Saturday, December 17, 2011
#257: MI4 Ghost Protocol
There's something called a set-piece in football. Which means that the ball will be stationary before the next action kicks in. So either a free kick or a spot kick whereby players get to choose who should be their preferred striker. This allows the team to prepare well in advance and once the strategy comes off right, it looks quite good. The thing about set pieces though is that a team cannot sorely rely on it to pull through every match. The team still has to still have a solid defence line, a midfield that wins plays at crucial stages of the match and a couple of a dynamic strikers. The thing with Ghost Protocol is that it tries to rely solely on set-pieces to see it through and in the process comes across, carrying on with the football analogy, a team that is pretty ordinary overall.
Ghost Protocol begins with an interesting premise where Agent Benji (Simon Pegg) and Agent Carter (Paula Patton) along with Ethan Hunt (Cruise) infiltrate the Kremlin. Predictably, things don't go to plan and the team is disbanded with no authorizations for future actions. This leaves Hunt and team on their own to set about a mission that could avert a possible nuclear war between US and Russia. Yes, you heard that right- the oldest cliched trick in the book- avert a nuclear war. And that's just about the start of things that's unimpressive about Ghost Protocol. The writers have nothing special to offer in terms of surprises. What comes through as a winner are those set pieces- some gravity-defying action scenes that get your pulse racing along with a sequence of mistaken identity that is crafted like a true blue espionage mission. On the performances, Simon Pegg pulls his weight through in an otherwise serious film with his comic timing. Paula Patton is a welcome visual relief in a film all about men and action and Jeremy Renner makes a solid appearance in a supporting role. Cruise is convincing once again as a blue-chip agent while Anil Kapoor does little of note playing a caricaturish rich Indian billionaire.
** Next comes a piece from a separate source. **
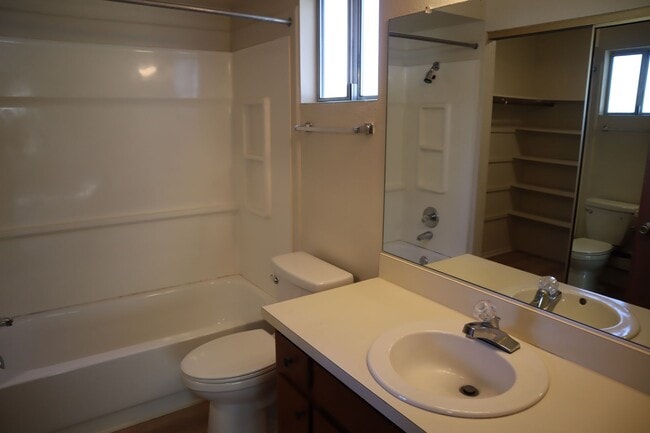 Building Photo - Livable, Lovable, & Avaiable!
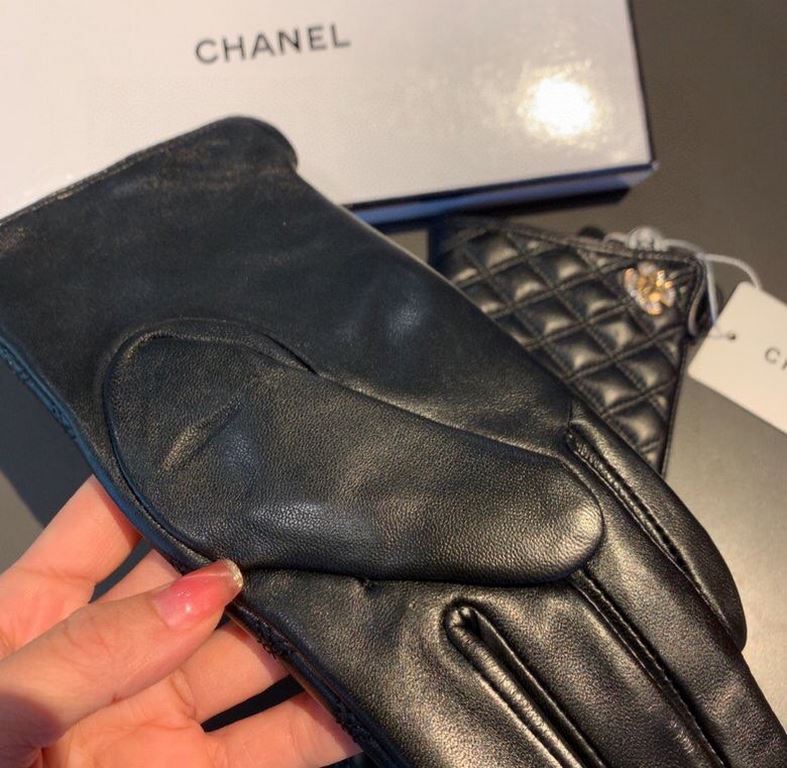 2022 new exclusive first  touch screen gloves Chanel Chanel [original quality] official website synchronization women's new high-grade sheepskin gloves    goddess preferred can not be missed    hundred percent of the sel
Director Brad Bird doesn't quite stitch all the elements well enough to keep you glued to your seats. Even if you leave the multiple cinematic liberties aside, no single scene or character touches you enough to think about the film. An action film can attempt to become a classic if the bad man is really bad, like we saw in The Dark Knight or even Terminator2 and this film's antagonist is hardly brutal. It goes back to the set-piece theory because the characters are not quite etched out well. The background score by Michael Giachino and Lalo Schifrin however is as good as any of the previous editions and is one of the redeeming features.
Overall, Ghost Protocol has little in terms of ingenuity or appeal, at best perhaps a home DVD watch. To call it anything more would be an exaggeration.